Nous pouvons alors tirer deux conclusions de ce détail. Matthieu, d’une part, marque fortement le lien entre Passion et Résurrection ; l’identité entre le Crucifié et le Ressuscité. Pas de Résurrection sans Passion, mais non pas d’abord pour nous forcer à emprunter ce passage, mais plutôt pour forcer le passage quand nous sommes dans les griffes de la mort et du mal. D’autre part, derrière le symbolisme du tremblement de terre, Matthieu insiste sur l’action de Dieu. Ce n’est pas, ce n’est plus ici Jésus que nous voyons agir, mais bien Dieu son Père qui agit en sa faveur, le justifie et le rend à la vie.

Ce Jésus que Dieu a ressuscité, comme le dit l’ange, c’est « le Crucifié » (5).
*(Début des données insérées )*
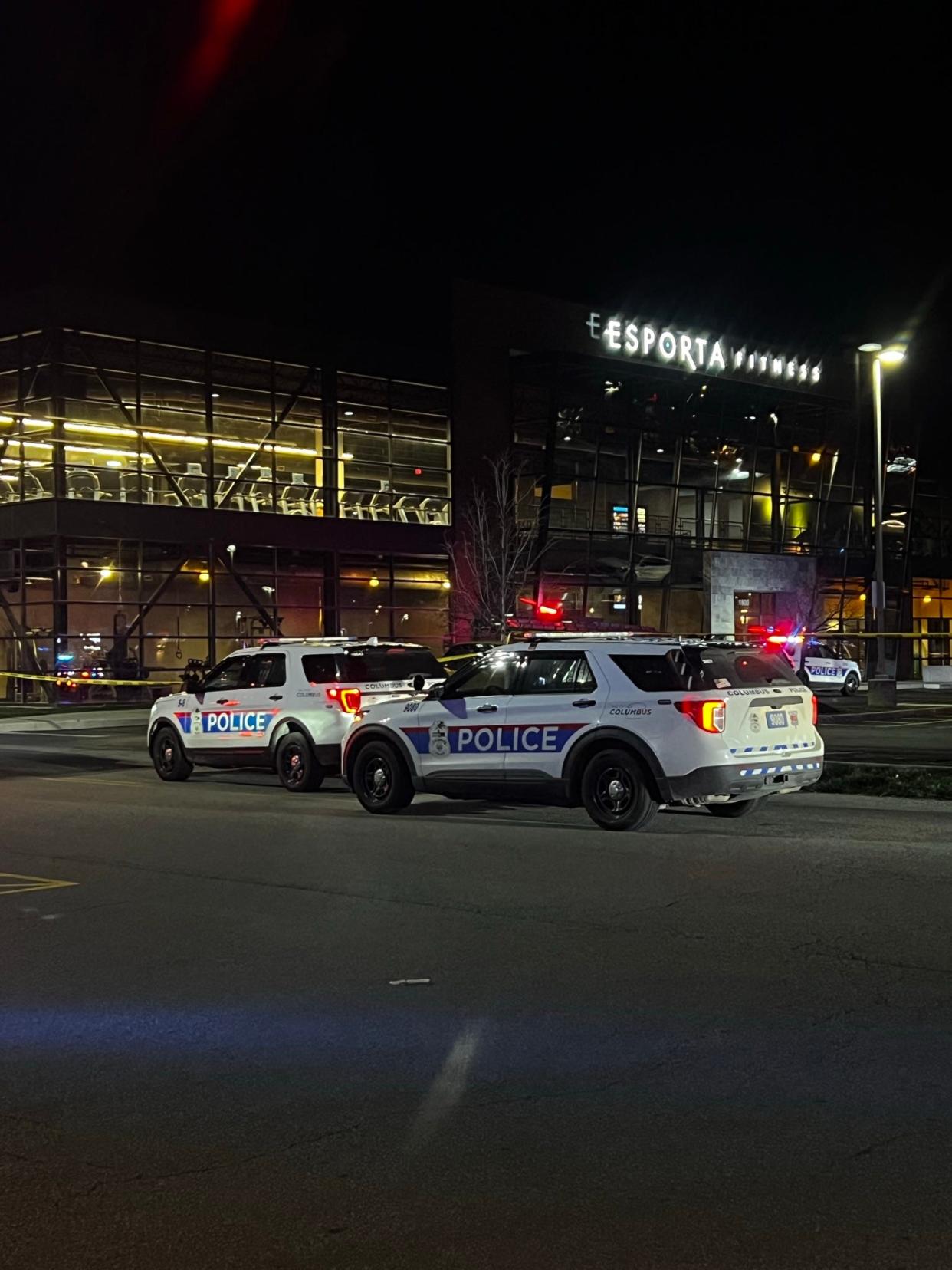 Columbus police responded Tuesday night to Esporta Fitness on Tanglewood Park Boulevard on Columbus' Far West Side near Hilliard and found one person had been shot at the basketball court there.
(Photo: Monroe Trombly/Columbus Dispatch)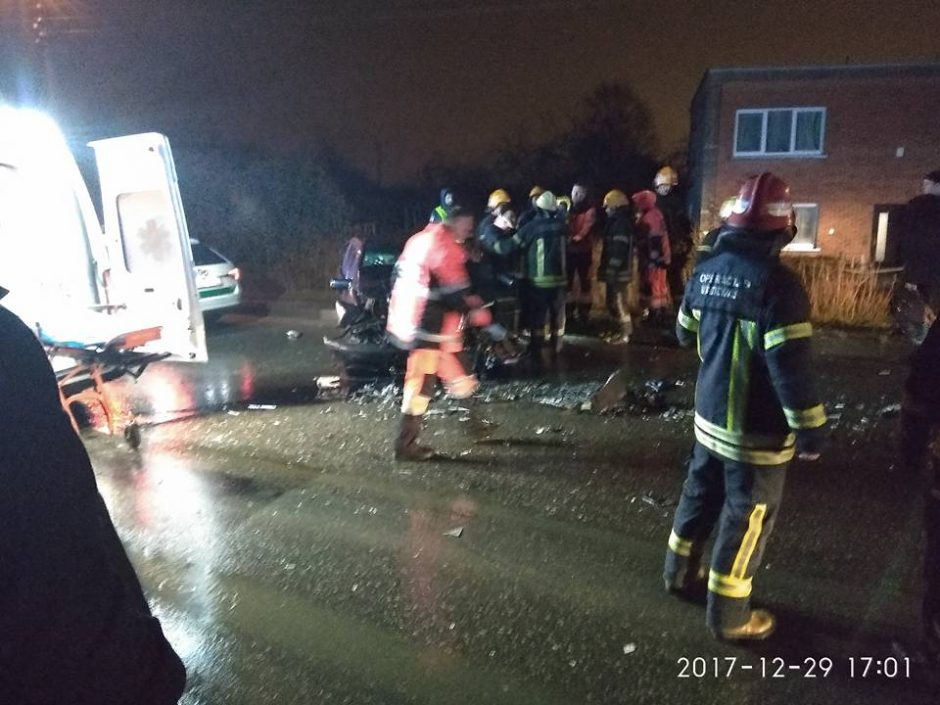 Girtas vairuotojas Panevėžyje sukėlė avariją (papildyta)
Cela veut dire que Dieu est intervenu, avec toute sa puissance et toute sa justice, en faveur d’un homme rejeté, abandonné ; un paria, un blasphémateur. Dieu justifie non seulement quelqu’un qui est mort, mais surtout, quelqu’un qui a été mis à mort. Quelqu’un qui a enduré la violence que subissent encore tant et tant d’hommes et de femmes dans notre monde et dans notre histoire. Si le tremblement de terre symbolise la puissance de Dieu en action, le bruit qu’il laisse deviner, c’est la réponse de Dieu à la clameur des pauvres, des opprimés, des souffrants.

Leur cri, de tout temps, Dieu l’a entendu. Il l’a entendu notamment lors de la première Pâque, celle des Hébreux dont nous avons écouté et chanté le passage de la mer. « J’ai vu la misère de mon peuple qui est en Égypte, dit Dieu à Moïse dans un autre texte, et j’ai entendu ses cris sous les coups […]. Oui, je connais ses souffrances. Je suis descendu pour le délivrer » (Ex 3,7-8). De la même manière, Dieu a entendu le cri de Jésus en croix, et là aussi il est « descendu pour le délivrer ». Et aujourd’hui encore, nous le croyons, Dieu entend le cri de notre terre et il descend pour nous délivrer. C’est cela notre foi dans la Résurrection : un Dieu qui entend et qui agit au cœur de notre monde. A l’image de la pierre roulée, il vient ouvrir nos tombeaux, nos impasses, pour nous frayer un chemin, chemin qui n’est autre que Jésus lui-même : « Allez annoncer à mes frères, dit-il aux femmes, qu’ils doivent se rendre en Galilée : c’est là qu’ils me verront. »

Ainsi, par la mort et la résurrection de Jésus, Dieu vient sauver, relever ceux et celles qui sont à terre, celles et ceux qu’on met à terre, parce que, en effet, ils sont dans les griffes de la mort. Dieu leur ouvre une espérance puisqu’il n’a pas non plus abandonné son fils à l’injustice et à la violence. C’est le souffrant, la victime, le petit que Dieu est venu sauver ; c’est d’abord à eux qu’il s’attache et qu’il lie son sort. Ensuite, comme par ricochet, Dieu sauve aussi le bourreau, le pécheur, celui qui est à l’origine du mal et de la souffrance, en lui ouvrant également un autre chemin possible, une autre vie. C’est cette espérance, ce chemin qui s’ouvre de nouveau pour le pauvre, l’opprimé, qui, à son tour, rend possible un nouveau chemin au bourreau et à tous. Le relèvement des uns permet le pardon des autres et nous constitue ensemble en un seul peuple, une seule communauté de sauvés, dont la pierre d’angle est le Christ, le Crucifié, le Ressuscité. Dieu espérance des pauvres, des petits, et ainsi, à partir d’eux, grâce à eux, espérance, pardon, chemin, pour chacun et chacune.

Ce chemin de salut passe par la Galilée, au cœur de la vie du monde et de notre vie. C’est là où le Christ nous envoie, là où il nous précède, nous attend, nous désire ; c’est là où il vit. Il nous y envoie à la rencontre des crucifiés et des bourreaux de notre temps, là où la vie du Ressuscité cherche des témoins pour être vue, reconnue, annoncée. Si l’ange de l’évangile est descendu du ciel, la résurrection, elle, est à découvrir au plus bas de la terre, dans l’humilité du quotidien, dans l’espérance du pauvre et du petit. Que cette Eucharistie ouvre, pour notre monde, notre Eglise, pour nous-mêmes, un véritable chemin d’espérance, de communion et de vie.